Riyadh: A court in Saudi Arabia has sentenced 18 more people on terrorism charges, wrapping up a week of verdicts on nearly every person in an alleged 50-member cell charged with launching attacks aimed at toppling the monarchy around a decade ago.

In recent months Saudi authorities have tightened laws to ban citizens from fighting in foreign conflicts, fearing a repeat of the 2003-2006 violence, when Saudis and others who had been radicalised in battlefields abroad carried out a series of deadly attacks in the kingdom.

The 18 were found guilty of financing terrorism, collecting information about compounds where foreigners reside, providing hideouts for fugitives and possessing unlicensed weapons, the official Saudi Press Agency reported late on Wednesday.

The men, whose nationalities were not disclosed, were given sentences ranging from 10 months to 25 years behind bars.

Earlier this week, the same court in Riyadh sentenced 31 other people for alleged involvement in the cell and their role in deadly attacks that took place over the course of several years starting in 2003.

The first verdicts were handed down on Monday against 14 men, reportedly linked to the 2004 kidnapping and beheading of Paul Marshall Johnson, a 49-year-old American from New Jersey who had worked in the kingdom for more than a decade. Johnson was working on Apache attack helicopter systems for Lockheed Martin when he was abducted and killed.

The 14 were also charged with planning attacks on the US and British embassies. One of the men was sentenced to death.

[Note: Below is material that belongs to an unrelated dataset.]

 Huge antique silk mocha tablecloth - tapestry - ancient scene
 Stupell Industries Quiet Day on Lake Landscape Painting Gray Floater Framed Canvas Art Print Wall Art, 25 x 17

The second verdict was issued on Tuesday against 17 men, two of whom were sentenced to death, on various charges including murder, firing at security forces and plotting to assassinate top officials. They were also found guilty of assaults on residential compounds where foreigners live in Riyadh and the Eastern Province

Some defendants were also accused of plotting to assassinate senior government officials and smuggling heavy weapons into the kingdom from Iraq. Others were charged with fighting in conflicts abroad, firing at Saudi security officers and disobeying King Abdullah Bin Abdul Aziz.

It was not clear if all 50 suspected cell members are in custody, or whether some were being tried in absentia. A senior government official contacted by The Associated Press this week declined to give further details.